Kiwako Nonomiya, convinced by her married lover to abort their child and then made aware of the birth of his own daughter, steals into her lover's apartment and leaves with the baby girl, whom she christens Kaoru. So begins Kiwako's first-person narrative of fugitive life, which takes this new family from Tokyo, across Japan, and to an island in the Inland Sea. And that's only the first part of the book: in the second part Kaoru, now a twenty year old, faces some of the same choices as her "adopted" mother, even as she must contend with her birth parents and with a past she would rather ignore. Kakuta, also known for Woman on the Other Shore, shows us the ways girls and women in modern Japan survive male deceit and indifference and find friendship with other girls and women -- if they're lucky.
Tokuda Shusei's novel depicts a world in movement: Oshima, the main character, shuttles between her natural and her foster parents while unmarried, and during her marriages and the transitions between she moves houses and businesses in Tokyo, stays with her brother in the mountains, and visits Nagoya on an aborted trip to Shanghai. The phonographs and advertising towers that punctuate the narrative remind the reader of the luxuries of modernity, while the constant struggle to survive in the marketplace highlight its costs. Illness -- physical, sexual, psychological -- pervades the story, but it is Oshima's constant striving to succeed -- in her tailoring business and in her romantic endeavors -- which stays with us throughout the novel, even to its rather abrupt ending.

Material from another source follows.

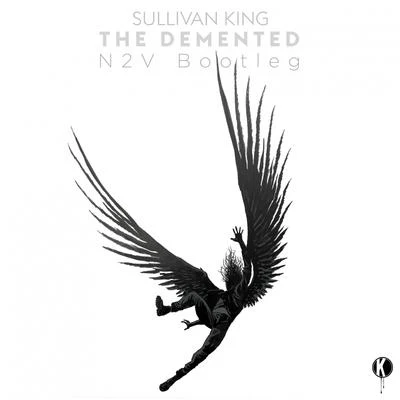 N2V SULLIVAN KING-THE DEMENTED（N2V BOOTLEG）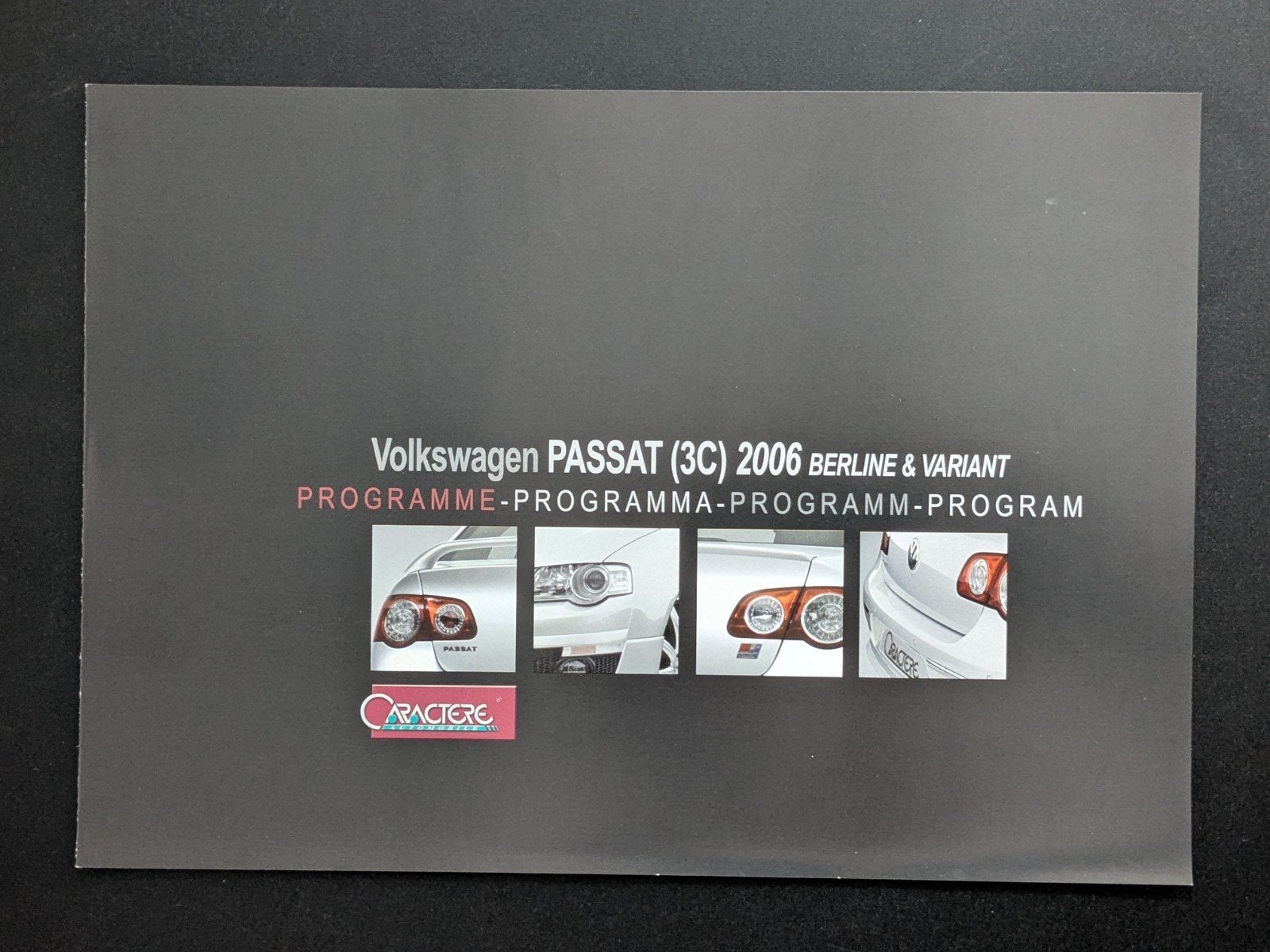 Brochure VOLKSWAGEN Passat (3C) 2006 Caractere, Ophalen of Verzenden, Zo goed als nieuw, Volkswagen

At the time of this book's publication in 1918, shell shock was a relatively new phenomenon. (Smith and Pear somewhat reluctantly use "shell-shock" rather than "War-Strain," which they prefer.) Though the authors stress continuity between the symptoms of soldiers and civilians -- "Every [symptom of shell shock] was known beforehand in civil life" -- the vast number of war victims and the degree of their suffering suggest a significant discontinuity. But the newness of this malady also presents an opportunity: after briefly describing the symptoms and progress of the disease and proposing treatment options, some of which contradict approaches current at the time, the authors discuss the reforming uses to which shell shock can be put. Two of these include establishing a larger role for psychology in medical theory and practice, and persuading the British mental health establishment to adopt salutary practices from other countries, including their soon-to-be-erstwhile enemies, the Germans. But as they end the book with another attempt at shaming, the difficulty of what they're proposing is emphasized yet again. Quoting a document that lays out their own concerns, they note that the document dates from 1849. This is another kind of continuity: the continuity of stasis.

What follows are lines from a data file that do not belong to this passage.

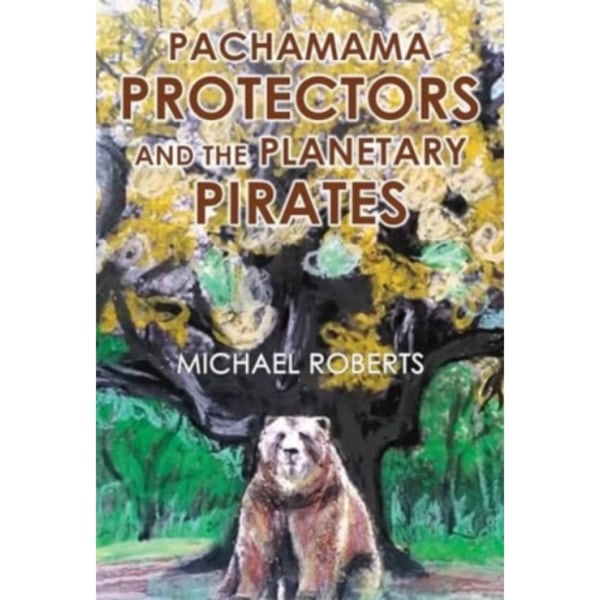 Pachamama Protectors and the Planetary Pirates (häftad, eng)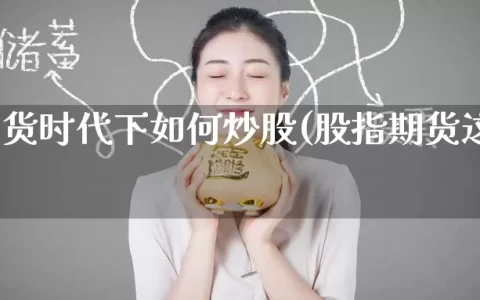 股指期货时代下如何炒股(股指期货这样玩)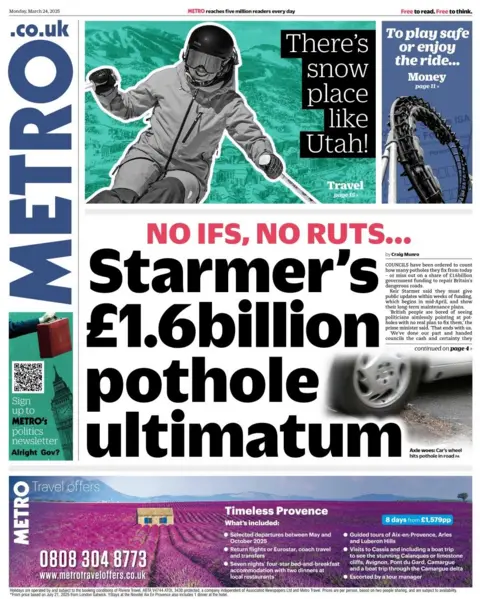 A front page of the Metro shows a headline that reads: No ifs, no ruts...Starmer's £1.6bn pothole ultimatum. There is a small picture of a pothole on the road, and car's wheel beside it for scale.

The Cairo Geniza, a large collection of documents from a storehouse in Egypt, has provided scholars with a remarkable source with which to imagine and reconstruct the medieval Islamic world. Phillip Ackerman-Lieberman takes another look at those documents, particularly at the legal materials, rather than the letters on which scholars have typically focused. Reminding readers that most of the items in the Geniza were written by Jews and say quite a lot about Judaism at this time, he contends that the distinctive relationships described in those documents "[reveal] a highly acculturated Jewish community that defined itself through confrontation with, rather than acceptance of, Islamic business practices." But Ackerman-Lieberman does not want to abandon the Geniza as a source for Islamic practices; therefore, he posits a "specular-relational model," by which he hopes to find similarities between various groups in the medieval Islamic world while retaining the distinctiveness of each of the groups.